DATA UNDER STUDY.
----------------
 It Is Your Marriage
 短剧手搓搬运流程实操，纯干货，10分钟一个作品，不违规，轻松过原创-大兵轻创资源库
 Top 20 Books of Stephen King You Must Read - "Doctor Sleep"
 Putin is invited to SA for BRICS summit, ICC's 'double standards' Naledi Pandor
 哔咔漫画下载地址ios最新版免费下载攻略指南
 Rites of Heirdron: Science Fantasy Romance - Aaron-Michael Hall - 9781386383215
----------------
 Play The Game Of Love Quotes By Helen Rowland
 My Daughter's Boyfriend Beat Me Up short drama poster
----------------
GOAL OF THE EXERCISE.
In the listing above, find the line with "Putin is invited" and the line with "Rites of Heirdron: Science". Output those two lines and every line between them, exactly as written.

TASK RESULT.
 Putin is invited to SA for BRICS summit, ICC's 'double standards' Naledi Pandor
 哔咔漫画下载地址ios最新版免费下载攻略指南
 Rites of Heirdron: Science Fantasy Romance - Aaron-Michael Hall - 9781386383215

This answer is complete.